Bermondsey lies on the south bank of the Thames, near where Tower Bridge now stands. A priory was established there as early as 1089 and became one of the richest in England due to numerous gifts of land and money. Originally founded by four Cluniac monks from France, who built on ground donated by a rich London merchant, the priory became a Benedictine abbey in 1399, surviving until Henry VIII dissolved all monasteries in the sixteenth century. It was then built over repeatedly, though the gatehouse survived until the nineteenth century.

Though this famous monastery had a very real existence for hundreds of years, the stories in this book are works of fiction. In the early years of the twenty-first century, extensive excavations were carried out by archaeologists, prior to a huge commerical complex being built over the site. The events described in the Epilogue are similarly fictitious.

PROLOGUE

December 1114

Grey mist, like wet smoke, slowly rolled over the wall of the priory, seeping in from across the marshes that lined the Thames.
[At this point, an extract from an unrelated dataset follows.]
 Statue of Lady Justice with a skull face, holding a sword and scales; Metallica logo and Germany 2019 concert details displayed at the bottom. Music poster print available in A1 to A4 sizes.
Together with the winter twilight, the fog made it almost dark, though the bell for vespers was only now sounding, its doleful tone muffled in the moist air.

A small procession was slowly crossing the outer courtyard towards the west front of the church, the black Cluniac habits adding to the already sombre atmosphere. Of the dozen hooded figures walking in pairs, three were openly sobbing, and the expressions on the remaining grim faces were set in barely contained emotion. Behind them in the inner courtyard was a closed door, which until today had been merely the entrance to the cellarer's storeroom but which now concealed a dreadful secret.

As their sandalled feet padded across the damp earth towards the steps of the new church of St Saviour's, the monks' faces were lit by the flickering yellow light of two pitch-brands set in iron rings on each side of the west door. The light fell first on the prior, Peter de Charité, who at fifty was a strong, hard-faced disciplinarian. The monk alongside him and the two immediately behind were Richard, Osbert and Umbold, who had accompanied him from France fifteen years before,
sent to establish a new daughter house of Cluny in this fog-ridden swamp that was Bermondsey.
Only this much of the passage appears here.